He walked.
Or maybe stumbled was the better word. His steps were uneven, pulled sideways by the throb in his ankle. Every shift in weight sent a jolt up his leg. He gritted his teeth and leaned forward, arms limp, dagger still clutched in his fingers.
The dagger wasn't sharp. Not anymore. There were hairline cracks running down the spine of the blade. It had killed once. He didn't know if it had another kill in it.
But he held it anyway.
Not because he thought it would save him.
Because it was the only thing that proved he was still alive.
The forest around him or what used to be a forest was quiet now. Not peaceful. Just quiet in the way graveyards are. Like the world had stopped breathing.
Trees lined the path ahead, but they weren't green. They were sick things, their trunks white and stripped of bark, like bones leaning into each other. Their branches sagged low, draped in gray rot and strands of something like spider silk.
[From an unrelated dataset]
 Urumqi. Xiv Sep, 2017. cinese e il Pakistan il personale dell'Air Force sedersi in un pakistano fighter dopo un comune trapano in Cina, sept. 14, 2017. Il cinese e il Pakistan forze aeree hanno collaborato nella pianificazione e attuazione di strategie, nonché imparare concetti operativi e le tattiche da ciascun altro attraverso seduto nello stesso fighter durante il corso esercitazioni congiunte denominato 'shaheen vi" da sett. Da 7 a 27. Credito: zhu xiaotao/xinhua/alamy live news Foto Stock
The leaves, if you could call them that, crumbled into ash the second they touched the ground.
Every gust of wind brought more of it down. Tiny gray flecks. Like snow, but warm. Smelled like rust and old blood.
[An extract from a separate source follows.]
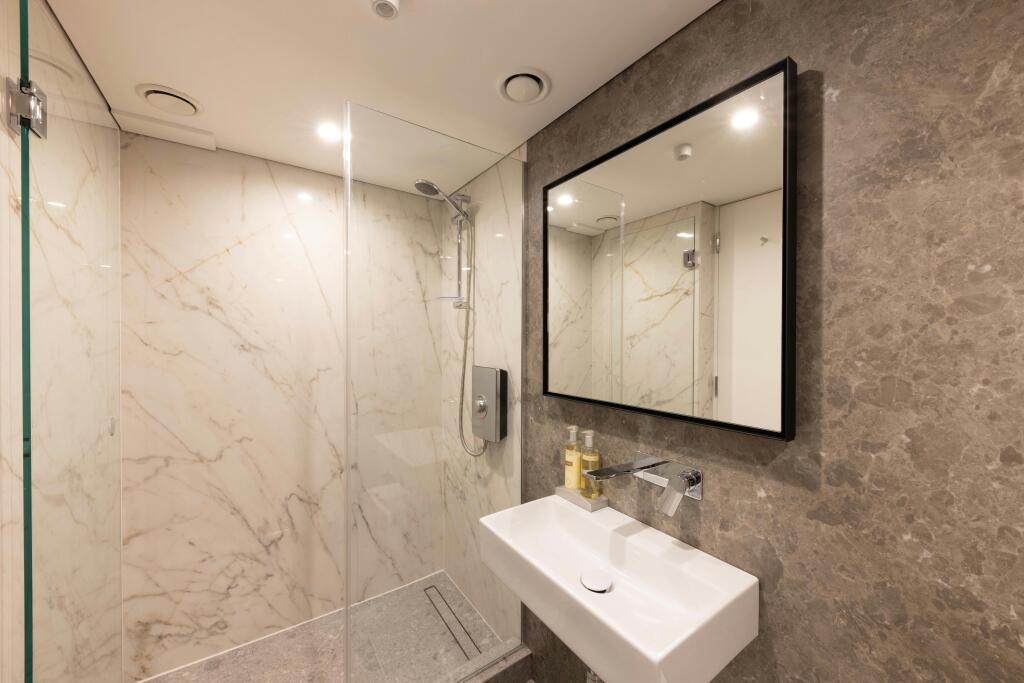 3 Burlington Gardens34.JPG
The air was heavy too. Like it didn't want him here.
He didn't know how long he'd been walking. Minutes? Hours? Probably days?
There was no sun. No proper light. Just a pale gray glow that felt… disturbing. Too soft, like moonlight filtered through dirty glass. He wasn't cold, but he shivered.
At first, he didn't realize the land was rising. But it was. The ground sloped up so gradually it was easy to miss. Each step took a little more effort, and his ankle started to throb deeper. He paused once, sat on a half-buried root, but didn't dare stop too long. Something in him said keep moving.
So he did.
Eventually, the trees began to thin out. The branches stopped scraping at the sky, and the path opened. Not a clearing, exactly more like the edge of a cliff, broken and jagged, like the earth had split and never healed.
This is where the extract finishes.